The answer should hold only the lines from the one that contains "this 300×169 image." through the last line of the material, repeated exactly, without pictures.

=== TASK INPUTS ===
- Opening Delimiter -

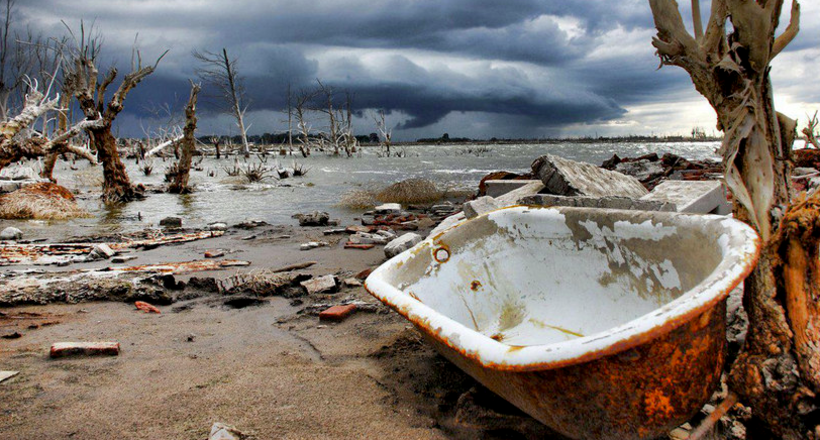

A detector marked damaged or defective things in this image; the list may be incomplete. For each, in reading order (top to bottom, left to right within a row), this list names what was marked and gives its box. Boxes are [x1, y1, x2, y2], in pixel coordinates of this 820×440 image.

rusty bathtub [366, 206, 764, 440]
rusted metal [366, 206, 764, 440]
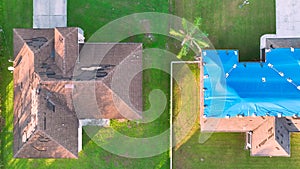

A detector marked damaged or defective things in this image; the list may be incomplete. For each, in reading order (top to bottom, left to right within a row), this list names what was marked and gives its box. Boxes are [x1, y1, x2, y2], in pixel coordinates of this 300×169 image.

house with damaged roof [14, 27, 144, 158]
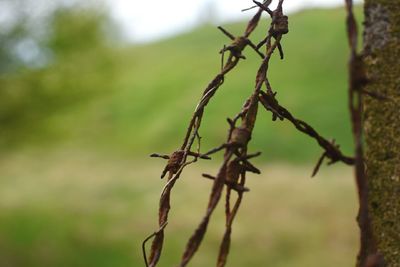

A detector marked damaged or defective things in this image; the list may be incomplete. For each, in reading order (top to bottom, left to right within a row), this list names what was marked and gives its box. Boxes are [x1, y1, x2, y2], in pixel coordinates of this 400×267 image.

rusty barbed wire [144, 1, 356, 266]
rust on wire [144, 1, 356, 266]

- Closing Delimiter -

=== ANSWER TO THIS TASK ===
A detector marked damaged or defective things in this image; the list may be incomplete. For each, in reading order (top to bottom, left to right within a row), this list names what was marked and gives its box. Boxes are [x1, y1, x2, y2], in pixel coordinates of this 300×169 image.

house with damaged roof [14, 27, 144, 158]

A detector marked damaged or defective things in this image; the list may be incomplete. For each, in reading order (top to bottom, left to right within a row), this list names what was marked and gives its box. Boxes are [x1, y1, x2, y2], in pixel coordinates of this 400×267 image.

rusty barbed wire [144, 1, 356, 266]
rust on wire [144, 1, 356, 266]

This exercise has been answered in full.